Rat basophilic leukemia cells RBL-2H3 are obtained from American Type Tissue Collection (ATCC; Rockville, MD). These cells are grown in Dulbecco’s Modified Eagle Medium (DMEM), which supplemented with 10% Fetal Bovine serum (FBS). The media contain penicillin (100 U/mL) and streptomycin (100 μg/mL). Cells were grown at 37 °C in a humidified 5% CO₂ incubator.
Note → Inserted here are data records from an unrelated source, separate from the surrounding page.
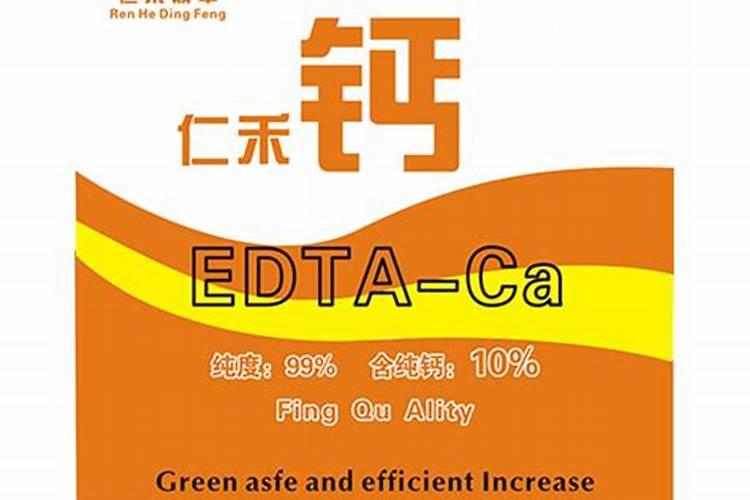沈阳九利圣德生物科技有限公司怎么样？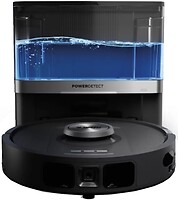 Фото Shark RV2800YEEU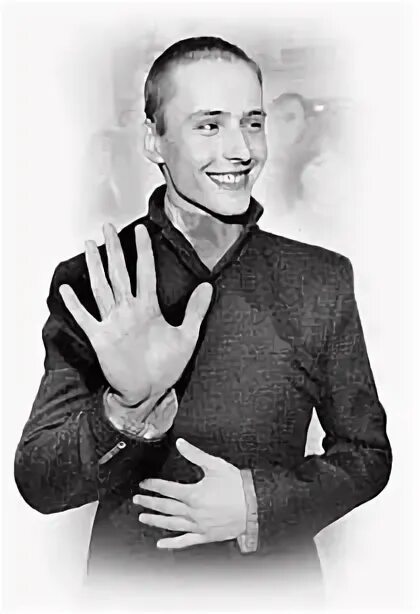 Витас 2000. Витас 2002. Витас жабры. Витас жабры. Витас 7 элемент.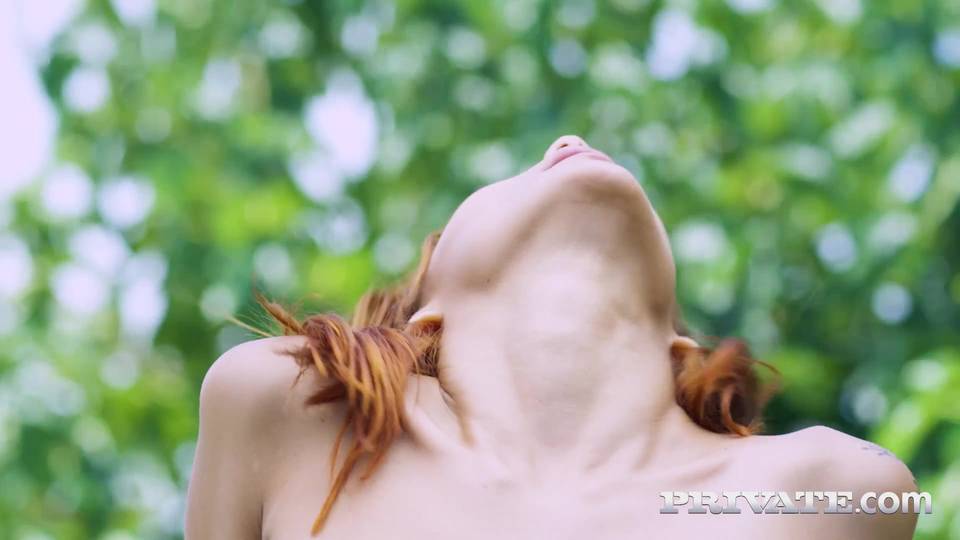 Vérifiez votre âge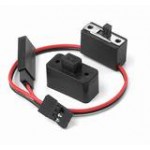 XRay 336060 Schalterkabel klein für RX XRay 336060 Schalterkabel klein für RX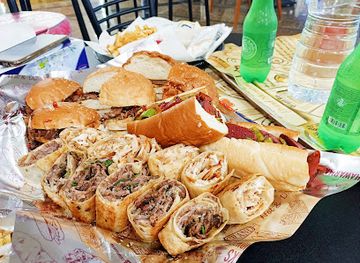 egypt/port-said/restaurant/grand-shawarma-restaurant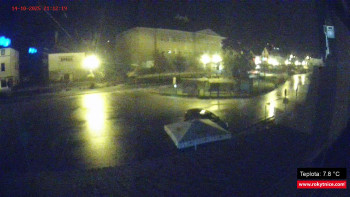 Snímek    14.10.2025 v 21:15
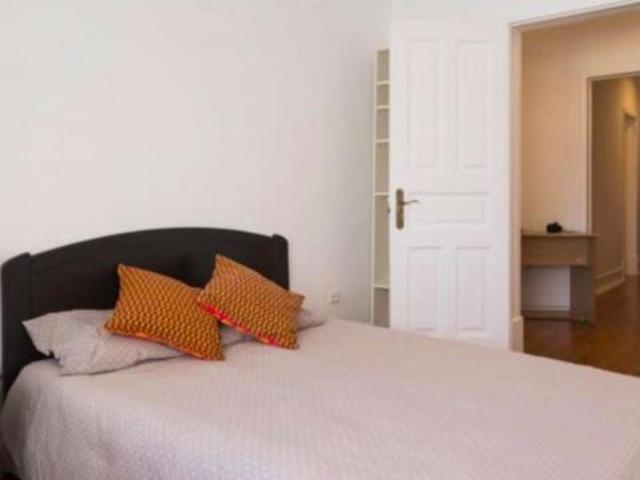 4 quarto, Lisbon Lisbon 1600 175 LS45048245
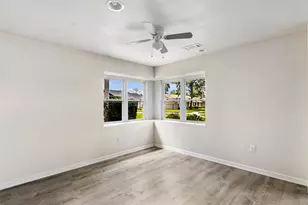1158 Cottage Oak Ln, Houston, TX 77091 - Photo 16
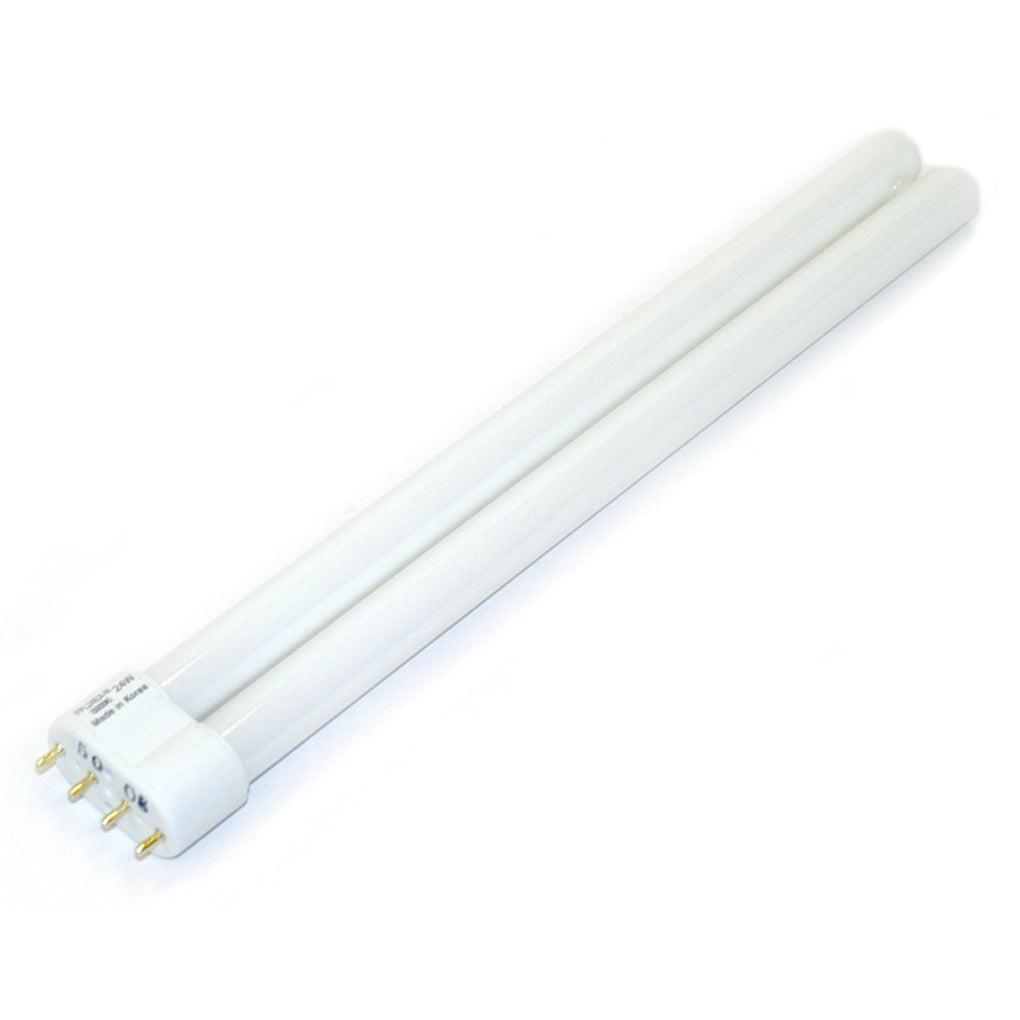 Grote 92911 Interior Lighting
For the determination of histamine release, RBL-2H3 cells were plated at 1 × 10⁶ cells/well by addition 0.5 mL of a 2 × 10⁶ cells/mL suspension to each well of a 24-well and incubated for 18 h to assure attachment and 90% confluence. After the media was aspirated off, IgE (0.2 μg/mL, MP Biomedicals) was added in DMEM. Cells were incubated at 37 °C for 1 h. After that, each well was washed with release buffer containing 1 mM CaCl₂, 40 mM NaOH, 0.1% BSA 119 mM NaCl, 5 mM KCl, 5.6 mM glucose, 25 mM PIPES and 0.4 mM MgCl₂. The release buffer containing Anti-IgE (1.25 μg/mL) and different concentration of cetirizine, CTZAN, CTMAN, Zn/Al-LDH and Mg/Al-LDH was then added to each well and cells were incubated at 37 °C for 10 min. The amount of histamine release was determined using a histamine RIA kit (MP Biomedicals).